When running exiftool on the command-line in a Mac Terminal window, special characters are displayed incorrectly.

My Mac terminal is set up to use UTF-8 (LANG=en_GB.UTF-8) and exiftool is set to output UTF-8 as well, special characters still display incorrectly though. However, if I tell exiftool to translate the output to latin encoding, everything is suddenly fine :o

Other programs, including my own perl scripts using the exiftool library, that use UTF-8 as character encoding work just fine though, so I don't understand why exiftool on the command-line doesn't...

Latin: Correct output (accented í):
~$ exiftool -charset Latin -Caption-Abstract test.jpg
Caption-Abstract                : Palau de les Arts Reina Sofía (architect: Santiago Calatrava)


UTF-8: Incorrect output (garbled í instead of accented í):
~$ exiftool -charset UTF8 -Caption-Abstract test.jpg
Caption-Abstract                : Palau de les Arts Reina Sofía (architect: Santiago Calatrava)


Running the output through od -txC -c reveals that the former uses characters "c3  ad" (hex) for character í, while the latter uses "c3  83  c2 ad" (hex) instead.
Title: Re: Exiftool output in Mac Terminal displaying special characters incorrectly
Post by: Phil Harvey on October 03, 2012, 07:01:47 AM
The problem is that the IPTC is not encoded properly.  Read FAQ 10 (https://exiftool.org/faq.html#Q10) for more information.

- Phil
Title: Re: Exiftool output in Mac Terminal displaying special characters incorrectly
Post by: Hayo Baan on October 03, 2012, 07:22:55 AM
Quote from: Phil Harvey on October 03, 2012, 07:01:47 AM
The problem is that the IPTC is not encoded properly.  Read FAQ 10 (https://exiftool.org/faq.html#Q10) for more information.

Hi Phil, thanks for your prompt reply. However, this is not the problem (IPTC is encoded correctly and matches the encoding I configured for it). The same problem exists with XMP (UTF8 encoded) fields:
Latin: Correct output (accented í):
~$ exiftool -charset Latin -Caption-Abstract -Description test.jpg
Caption-Abstract                : Palau de les Arts Reina Sofía (architect: Santiago Calatrava)
Description                     : Palau de les Arts Reina Sofía (architect: Santiago Calatrava)

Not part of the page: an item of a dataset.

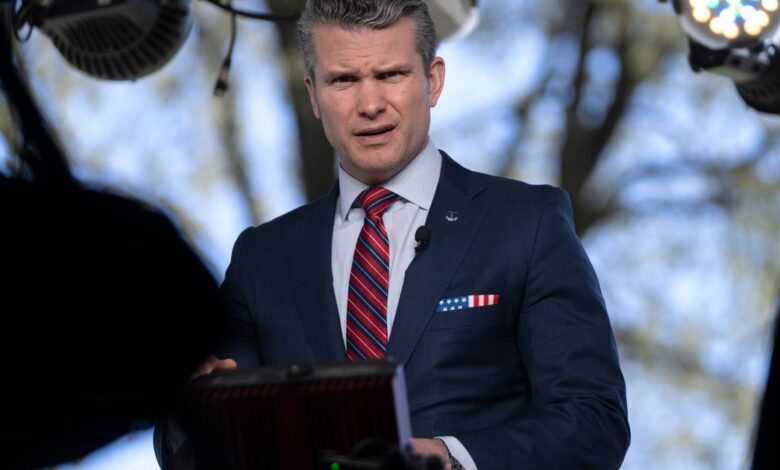 The Atlantic posts more texts from Signal group chat showing Hegseth provided detailed attack plans The Atlantic posts more texts from Signal group chat showing Hegseth provided detailed attack plans
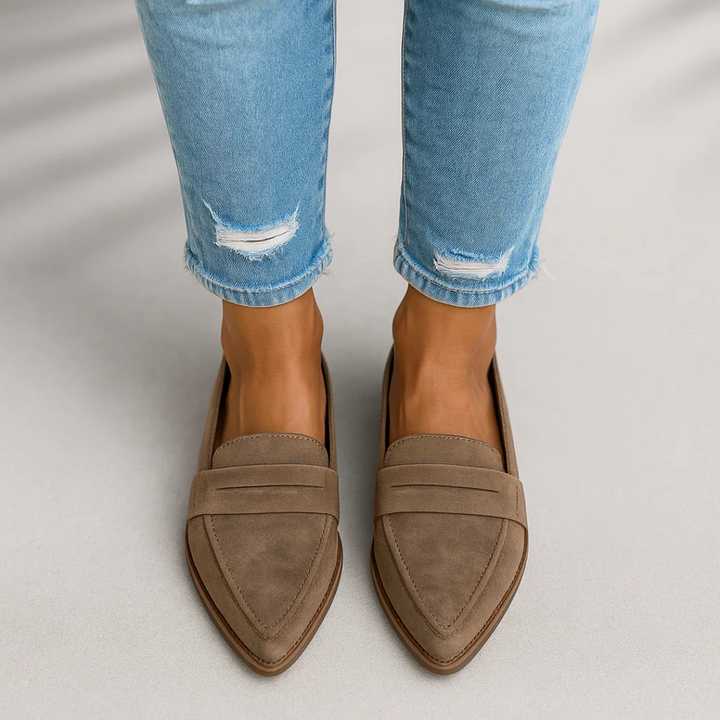 Matilde® | Mocassins orthopédiques en cuir ⏐ Édition premium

UTF-8: Incorrect output (garbled í instead of accented í):
~$ exiftool -charset UTF8 -Caption-Abstract test.jpg
Caption-Abstract                : Palau de les Arts Reina Sofía (architect: Santiago Calatrava)
Description                     : Palau de les Arts Reina Sofía (architect: Santiago Calatrava)

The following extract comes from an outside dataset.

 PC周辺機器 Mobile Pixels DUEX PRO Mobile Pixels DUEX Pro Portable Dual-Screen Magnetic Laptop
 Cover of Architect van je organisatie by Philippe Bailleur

Furthermore, as I mentioned, when I use the perl library in one of my scripts to output the caption, it displays the characters correctly.
Title: Re: Exiftool output in Mac Terminal displaying special characters incorrectly
Post by: Phil Harvey on October 03, 2012, 07:27:11 AM
OK, then I really don't understand because I use a Mac myself and have never seen this problem.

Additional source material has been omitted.